By Len Maniace
Let some sing about April in Paris, but give me springtime in New York. The glaciers have melted, revealing months of litter, cigarette butts and dog excrement on sidewalks. And the plastic-bag trees are in full bloom.
Spring – just before trees leaf out forming a barrier that discourages bags from getting tangled in branches – is the peak of plastic bags in New York trees.
It’s astonishing just how many plastic bags end up in trees along the city’s neighborhood shopping streets. Walking along 37th Avenue in Jackson Heights, plenty of trees displayed one, two or three bags, but then we came across the rare specimen that accompanies this post.

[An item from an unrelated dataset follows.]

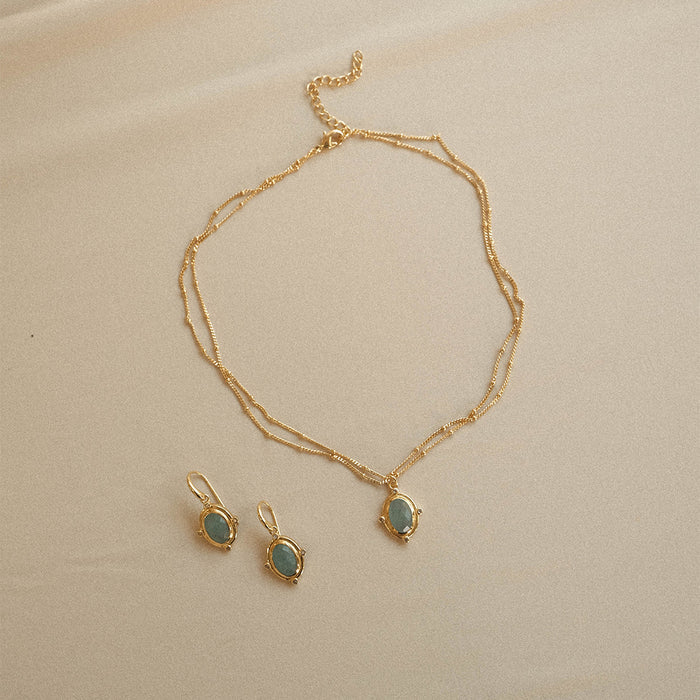 Breeze Necklace by Bianc – Aquamarine & Rainbow Moonstone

A solution from City Hall?
Plastic-bag trees may become an endangered species in New York City, however. The City Council is considering a law that would require stores to charge 10 cents for each bag, plastic or paper. The idea is once bags have a financial value, shoppers will hold onto them for reuse. Or else won’t purchase them.
It’s a good market solution to an environmental problem, something that generally works better than relying on the public always doing the right thing. When one has to pay to pollute, that pollution magically is greatly diminished. In a market-oriented country, it would be nice – and more important – quite effective if the price of coal, petroleum and other carbon fuels included the cost of their environmental damage.
Instead that cost is spread around to the general public in higher costs. That basically amounts to a hidden subsidy for pollution-causing products, compared with products that don’t produce similar damage.
Plastic bags’ damage
Along with finding homes in trees, plastic bags float in waterways have been eaten by all manner of sea life, usually to ill effect. And there is the direct cost of disposing of the bags, which supporters say, costs the city $12 million annually.
Councilman Brad Lander, D-Brooklyn, who is backing the bill, told CBS News that New Yorkers use 9 billion plastic bags each year, a figure which if correct works out to a shocking 1,000 bags for every city resident.
In any case, whatever the number, just by walking down the street and looking at trees, it quickly becomes clear that too many plastic bags are loose in our environment. And that is not good.